Хватило мига, чтобы Аргус пришел в себя, вскочил с дивана, поднял мисс Сандан и виртуозно привел в порядок ее платье. Лорелей вспомнила о прическе, но решила, что к этому времени волосы всегда успевают изрядно растрепаться. Аргус благоразумно отступил на несколько шагов, а она направилась к зеркалу, однако тут же передумала. Какой смысл? И без того понятно, что опытный глаз сразу заметит множество следов предосудительного поведения. Оставалось надеяться на невинность нечаянных свидетелей.

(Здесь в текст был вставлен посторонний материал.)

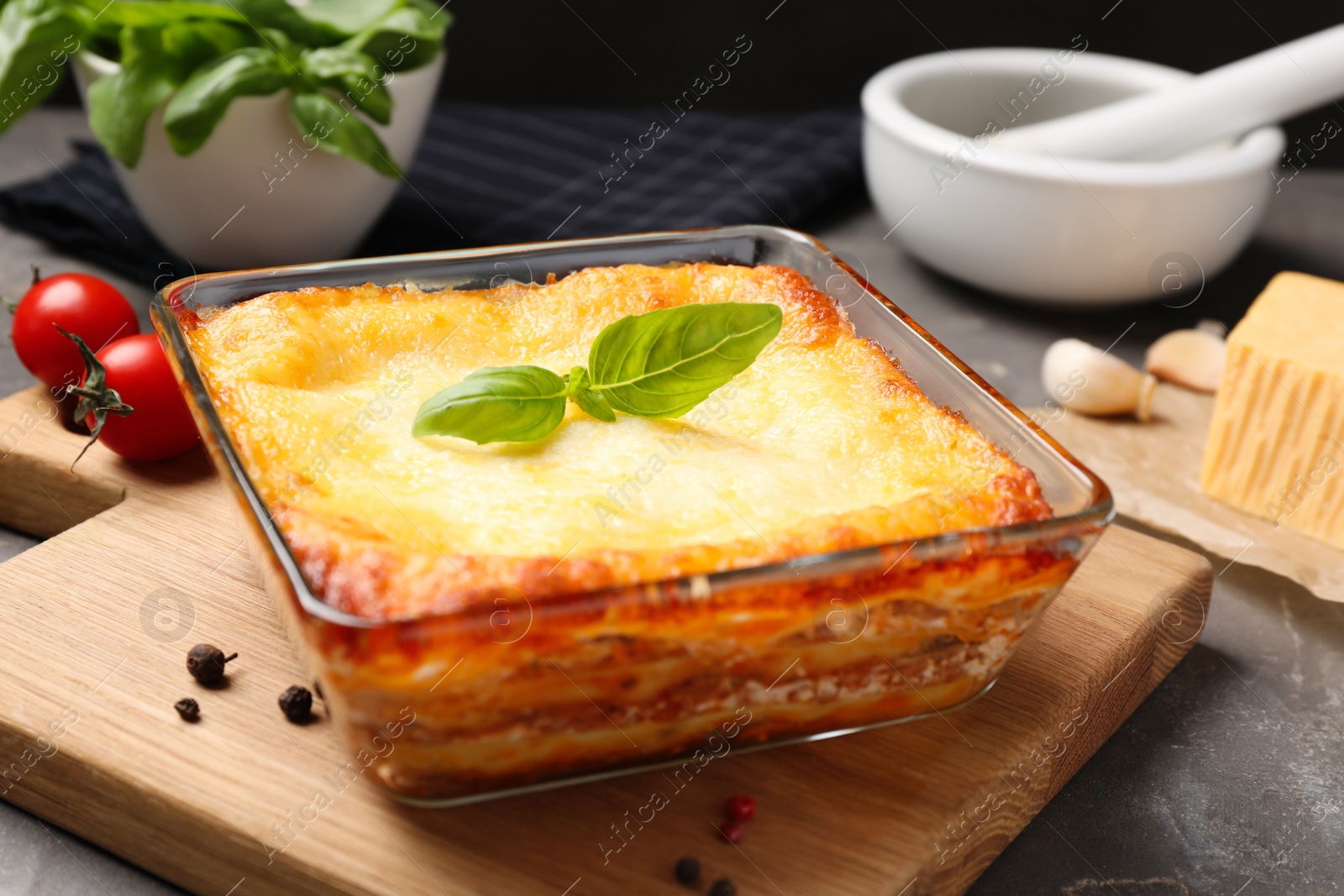Photo of Tasty cooked lasagna in baking dish on grey table, closeup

Аргус торопливо наполнил бокалы, и преступники чинно уселись лицом друг к другу. Удивительно, с каким проворством сэру Уэрлоку удалось устранить следы бури и восстановить невозмутимое спокойствие. Подобное мастерство невозможно без солидного опыта… впрочем, стоит ли об этом думать? Достаточно и того, что в этот раз она смогла его оттолкнуть. Лорелей поднесла к губам бокал. Жаль, конечно, что пришлось прервать поцелуй. Может, в следующий раз Аргус выберет более укромное место?

Странно: вот он сидит и как ни в чем не бывало потягивает вино, словно и не испытал мгновений неудержимой страсти. Если бы не румянец на щеках и неровное, еще не пришедшее в норму дыхание, можно было бы подумать, что порывы чувств мимолетны и призрачны. Ее тело все еще сгорало от вожделения, очень хотелось, чтобы и он испытывал нечто подобное.

Спустя секунду в гостиную ворвались близнецы Аксель и Вольфганг, и Лорелей не смогла сдержать улыбки. Мальчики во всем походили на отца и даже одевались со свойственной герцогу небрежностью. Оба обладали редкой способностью попадать во всякого рода переделки, однако сейчас проявили безупречные манеры: чинно приветствовали сэра Уэрлока и должным образом передали сестре просьбу герцога немедленно явиться в главный дом: мистер Пендлтон и мисс Бейкер поссорились, и теперь мисс Бейкер крайне расстроена и плачет. Все обитатели поместья знали, что лорд Санданмор воспринимает женские слезы как катастрофу вселенского масштаба и никак не может обойтись без помощи дочери.

Мисс Сандан немедленно поставила бокал на стол и поднялась.

— Попробую восстановить мир.

Аргус тоже встал. Аксель посмотрел на гостя снизу вверх и с детской непосредственностью восхищенно выдохнул:

— Черт возьми, какой же вы высокий!

— Аксель, что за выражение? — строго заметила сестра, однако поймала себя на мысли, что при огромной разнице в росте эти двое удивительным образом подходили друг другу.

— Прости, Лолли. Прошу прощения, сэр. О небо, какой же вы высокий!